Moscou rejeita acusação de ter violado acordo militar
“A Rússia lançou em segredo um novo míssil de cruzeiro”, começa uma matéria do “The New York Times” sobre a suposta violação do INF.
Segundo a reportagem, que cita oficiais anônimos da Casa Branca, Moscou teria implantado um novo míssil de cruzeiro com ogiva nuclear.
Ao comentar a notícia, o senador do Arizona John McCain alertou que o míssil seria uma ameaça aos aliados dos Estados Unidos na Otan e às forças norte-americanas na Europa.
“É hora de o novo governo tomar ações imediatas para melhorar para melhorar a nossa postura de dissuasão na Europa e proteger nossos aliados”, pediu McCain.

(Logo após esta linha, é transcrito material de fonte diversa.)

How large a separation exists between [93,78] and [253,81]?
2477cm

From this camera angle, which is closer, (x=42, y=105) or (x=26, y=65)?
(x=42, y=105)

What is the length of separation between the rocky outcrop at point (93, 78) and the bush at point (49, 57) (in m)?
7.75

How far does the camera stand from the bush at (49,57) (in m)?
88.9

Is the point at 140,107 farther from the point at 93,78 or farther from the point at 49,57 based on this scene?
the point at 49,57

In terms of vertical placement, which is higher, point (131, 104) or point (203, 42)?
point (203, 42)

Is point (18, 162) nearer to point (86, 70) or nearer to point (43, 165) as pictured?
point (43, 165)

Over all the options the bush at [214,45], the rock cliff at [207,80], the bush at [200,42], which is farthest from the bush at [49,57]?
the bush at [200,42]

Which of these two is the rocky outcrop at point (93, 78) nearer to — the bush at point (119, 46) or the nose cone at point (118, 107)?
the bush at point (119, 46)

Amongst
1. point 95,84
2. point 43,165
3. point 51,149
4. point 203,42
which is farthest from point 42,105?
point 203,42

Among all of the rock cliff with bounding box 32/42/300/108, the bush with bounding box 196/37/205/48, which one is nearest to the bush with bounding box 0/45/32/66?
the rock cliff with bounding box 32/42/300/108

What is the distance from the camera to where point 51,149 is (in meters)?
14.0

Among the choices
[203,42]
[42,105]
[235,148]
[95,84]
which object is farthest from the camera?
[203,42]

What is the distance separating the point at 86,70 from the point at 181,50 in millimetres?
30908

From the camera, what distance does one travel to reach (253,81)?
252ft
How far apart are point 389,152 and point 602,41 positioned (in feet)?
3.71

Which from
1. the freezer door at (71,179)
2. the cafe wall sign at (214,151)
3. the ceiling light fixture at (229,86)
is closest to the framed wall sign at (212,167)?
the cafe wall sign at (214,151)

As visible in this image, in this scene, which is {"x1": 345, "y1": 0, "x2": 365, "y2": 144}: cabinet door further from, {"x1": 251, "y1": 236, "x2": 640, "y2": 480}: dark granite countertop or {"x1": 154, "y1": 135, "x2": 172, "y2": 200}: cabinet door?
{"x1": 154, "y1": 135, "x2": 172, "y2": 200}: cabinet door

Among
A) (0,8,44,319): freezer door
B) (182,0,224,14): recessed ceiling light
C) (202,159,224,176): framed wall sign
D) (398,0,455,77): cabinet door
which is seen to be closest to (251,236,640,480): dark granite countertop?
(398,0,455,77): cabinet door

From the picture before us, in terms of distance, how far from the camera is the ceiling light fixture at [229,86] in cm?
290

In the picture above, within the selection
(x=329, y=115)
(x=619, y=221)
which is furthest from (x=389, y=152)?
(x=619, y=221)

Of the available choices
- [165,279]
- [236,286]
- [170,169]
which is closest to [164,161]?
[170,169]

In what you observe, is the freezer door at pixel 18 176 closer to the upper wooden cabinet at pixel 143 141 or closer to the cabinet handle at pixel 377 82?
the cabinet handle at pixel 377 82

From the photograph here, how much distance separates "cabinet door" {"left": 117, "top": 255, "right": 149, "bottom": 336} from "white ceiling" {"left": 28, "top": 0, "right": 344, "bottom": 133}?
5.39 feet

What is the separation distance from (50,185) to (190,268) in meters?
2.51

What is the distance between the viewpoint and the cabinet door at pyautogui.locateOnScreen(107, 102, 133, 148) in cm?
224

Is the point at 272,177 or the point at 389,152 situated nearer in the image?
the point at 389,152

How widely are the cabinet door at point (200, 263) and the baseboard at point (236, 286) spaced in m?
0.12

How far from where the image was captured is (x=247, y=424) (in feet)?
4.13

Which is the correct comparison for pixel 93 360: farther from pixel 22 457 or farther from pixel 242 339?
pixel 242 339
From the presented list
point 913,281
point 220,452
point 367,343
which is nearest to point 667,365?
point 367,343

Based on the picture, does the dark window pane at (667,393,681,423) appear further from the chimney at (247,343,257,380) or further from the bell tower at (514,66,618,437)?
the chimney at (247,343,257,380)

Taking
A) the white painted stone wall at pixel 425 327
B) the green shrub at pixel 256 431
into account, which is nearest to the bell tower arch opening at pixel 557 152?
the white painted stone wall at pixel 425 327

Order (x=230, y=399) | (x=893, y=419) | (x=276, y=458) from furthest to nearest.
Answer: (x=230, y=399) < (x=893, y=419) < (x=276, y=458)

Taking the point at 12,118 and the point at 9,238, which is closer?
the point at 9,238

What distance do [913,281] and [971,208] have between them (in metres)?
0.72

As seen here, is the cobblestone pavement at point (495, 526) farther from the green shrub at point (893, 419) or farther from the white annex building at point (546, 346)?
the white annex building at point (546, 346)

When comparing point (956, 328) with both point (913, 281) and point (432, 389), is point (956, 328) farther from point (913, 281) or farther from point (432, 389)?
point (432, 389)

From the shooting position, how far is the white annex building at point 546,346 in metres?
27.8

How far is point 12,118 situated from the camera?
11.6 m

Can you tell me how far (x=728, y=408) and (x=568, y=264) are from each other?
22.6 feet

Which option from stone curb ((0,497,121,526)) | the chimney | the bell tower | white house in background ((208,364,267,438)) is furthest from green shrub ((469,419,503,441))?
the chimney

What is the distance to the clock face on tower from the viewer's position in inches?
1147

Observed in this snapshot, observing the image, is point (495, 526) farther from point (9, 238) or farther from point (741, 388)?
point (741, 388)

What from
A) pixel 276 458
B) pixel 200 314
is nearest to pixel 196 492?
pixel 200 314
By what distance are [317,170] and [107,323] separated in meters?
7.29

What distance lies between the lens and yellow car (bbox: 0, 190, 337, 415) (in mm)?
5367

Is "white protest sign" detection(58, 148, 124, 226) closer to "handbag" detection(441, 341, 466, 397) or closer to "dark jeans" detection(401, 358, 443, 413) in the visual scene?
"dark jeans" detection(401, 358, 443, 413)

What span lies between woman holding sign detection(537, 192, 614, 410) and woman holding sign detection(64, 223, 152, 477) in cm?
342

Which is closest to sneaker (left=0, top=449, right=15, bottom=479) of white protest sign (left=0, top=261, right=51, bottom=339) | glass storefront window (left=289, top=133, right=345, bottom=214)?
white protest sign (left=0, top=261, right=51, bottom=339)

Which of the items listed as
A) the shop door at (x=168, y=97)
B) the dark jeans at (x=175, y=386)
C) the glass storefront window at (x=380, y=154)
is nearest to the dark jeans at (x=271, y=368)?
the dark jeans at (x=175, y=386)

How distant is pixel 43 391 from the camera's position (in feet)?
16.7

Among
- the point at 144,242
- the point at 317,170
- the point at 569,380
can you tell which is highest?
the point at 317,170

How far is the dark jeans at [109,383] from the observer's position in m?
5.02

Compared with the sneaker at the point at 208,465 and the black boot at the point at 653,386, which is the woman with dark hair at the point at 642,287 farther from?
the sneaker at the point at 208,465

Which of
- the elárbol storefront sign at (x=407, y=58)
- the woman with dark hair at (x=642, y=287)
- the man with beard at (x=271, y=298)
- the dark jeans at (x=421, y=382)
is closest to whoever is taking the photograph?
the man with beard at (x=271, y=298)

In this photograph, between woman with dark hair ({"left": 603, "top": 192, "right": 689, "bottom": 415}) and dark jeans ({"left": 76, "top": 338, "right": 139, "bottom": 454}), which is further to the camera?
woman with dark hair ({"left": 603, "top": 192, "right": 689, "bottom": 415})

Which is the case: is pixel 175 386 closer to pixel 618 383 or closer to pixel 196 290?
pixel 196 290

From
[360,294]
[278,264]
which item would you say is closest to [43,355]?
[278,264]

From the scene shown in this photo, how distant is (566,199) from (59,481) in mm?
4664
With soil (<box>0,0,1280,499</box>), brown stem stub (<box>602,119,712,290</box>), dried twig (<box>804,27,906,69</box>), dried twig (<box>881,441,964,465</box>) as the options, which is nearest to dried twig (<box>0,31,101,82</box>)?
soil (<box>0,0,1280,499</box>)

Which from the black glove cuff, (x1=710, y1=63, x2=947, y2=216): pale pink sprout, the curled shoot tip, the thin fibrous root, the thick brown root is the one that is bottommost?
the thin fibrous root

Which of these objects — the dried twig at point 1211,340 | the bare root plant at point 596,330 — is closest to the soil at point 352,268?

Segundo relatos, a administração de Barack Obama concluiu, em julho de 2014, que a Rússia havia violado o INF, mas evitou-se entrar em confronto.
Na Rússia, autoridades e especialistas apontam as preocupações do senador norte-americano como infundadas.
Denúncias carecem de provas
O porta-voz do Kremlin, Dmítri Peskov, garantiu que a Rússia é fiel aos acordos internacionais assinados, incluindo o INF. “Ninguém acusou oficialmente a Rússia de violar o INF”, observou Peskov a jornalistas.
O Ministério dos Negócios Estrangeiros russo também negou as acusações dos EUA. Para o diretor do departamento de não proliferação e controle de armamento, Mikhail Uliánov, as alegações são “não tem fundamento nem comprovação”.
A dificuldade de provar as acusações americanas também é apontada por Timofei Bordatchev, diretor do Centro de Estudos Europeus e Internacionais da Escola Superior de Economia. “A reportagem não apresenta nenhuma evidência, não apresenta os nomes dos oficiais que falam sobre as violações” disse à Gazeta Russa.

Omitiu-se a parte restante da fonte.